Starting with the line containing "للحجز عبر الخاص" and going on through the line containing "155 Rubicon Crescent, Kuraby QLD 4112", return the lines of the data below exactly, and only those.

── Data for the task ──

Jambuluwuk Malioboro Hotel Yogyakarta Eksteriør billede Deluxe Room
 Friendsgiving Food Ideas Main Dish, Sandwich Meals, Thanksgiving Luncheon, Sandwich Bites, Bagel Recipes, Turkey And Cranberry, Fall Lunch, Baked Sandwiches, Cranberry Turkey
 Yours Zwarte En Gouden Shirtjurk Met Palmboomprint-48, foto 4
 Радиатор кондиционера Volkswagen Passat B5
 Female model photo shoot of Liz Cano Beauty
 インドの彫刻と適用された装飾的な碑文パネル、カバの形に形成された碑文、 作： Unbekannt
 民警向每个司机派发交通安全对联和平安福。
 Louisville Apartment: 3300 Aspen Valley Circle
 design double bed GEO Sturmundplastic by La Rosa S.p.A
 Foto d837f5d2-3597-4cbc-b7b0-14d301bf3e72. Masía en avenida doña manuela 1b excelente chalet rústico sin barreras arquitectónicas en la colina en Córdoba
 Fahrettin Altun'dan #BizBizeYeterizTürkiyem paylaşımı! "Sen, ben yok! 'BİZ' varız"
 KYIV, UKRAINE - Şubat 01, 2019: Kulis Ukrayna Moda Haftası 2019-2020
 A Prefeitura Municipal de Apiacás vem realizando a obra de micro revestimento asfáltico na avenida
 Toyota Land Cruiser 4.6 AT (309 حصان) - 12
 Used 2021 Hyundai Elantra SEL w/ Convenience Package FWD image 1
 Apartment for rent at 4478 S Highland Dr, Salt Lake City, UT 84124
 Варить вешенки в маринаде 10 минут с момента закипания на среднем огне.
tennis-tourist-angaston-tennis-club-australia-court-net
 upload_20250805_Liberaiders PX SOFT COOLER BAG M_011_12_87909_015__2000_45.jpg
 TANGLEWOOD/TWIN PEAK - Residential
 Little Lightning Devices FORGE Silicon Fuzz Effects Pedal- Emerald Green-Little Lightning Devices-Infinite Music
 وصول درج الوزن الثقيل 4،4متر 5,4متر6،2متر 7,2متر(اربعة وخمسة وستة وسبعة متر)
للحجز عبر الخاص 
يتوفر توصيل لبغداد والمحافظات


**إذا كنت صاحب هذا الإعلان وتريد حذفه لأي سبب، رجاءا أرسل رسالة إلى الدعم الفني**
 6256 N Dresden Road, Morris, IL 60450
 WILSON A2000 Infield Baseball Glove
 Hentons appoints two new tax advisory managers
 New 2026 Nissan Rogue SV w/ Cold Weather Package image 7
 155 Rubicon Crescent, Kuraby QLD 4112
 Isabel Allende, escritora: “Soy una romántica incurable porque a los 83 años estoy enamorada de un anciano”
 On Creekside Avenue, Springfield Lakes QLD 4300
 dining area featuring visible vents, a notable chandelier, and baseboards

───

Solution for this exercise =>
للحجز عبر الخاص 
يتوفر توصيل لبغداد والمحافظات


**إذا كنت صاحب هذا الإعلان وتريد حذفه لأي سبب، رجاءا أرسل رسالة إلى الدعم الفني**
 6256 N Dresden Road, Morris, IL 60450
 WILSON A2000 Infield Baseball Glove
 Hentons appoints two new tax advisory managers
 New 2026 Nissan Rogue SV w/ Cold Weather Package image 7
 155 Rubicon Crescent, Kuraby QLD 4112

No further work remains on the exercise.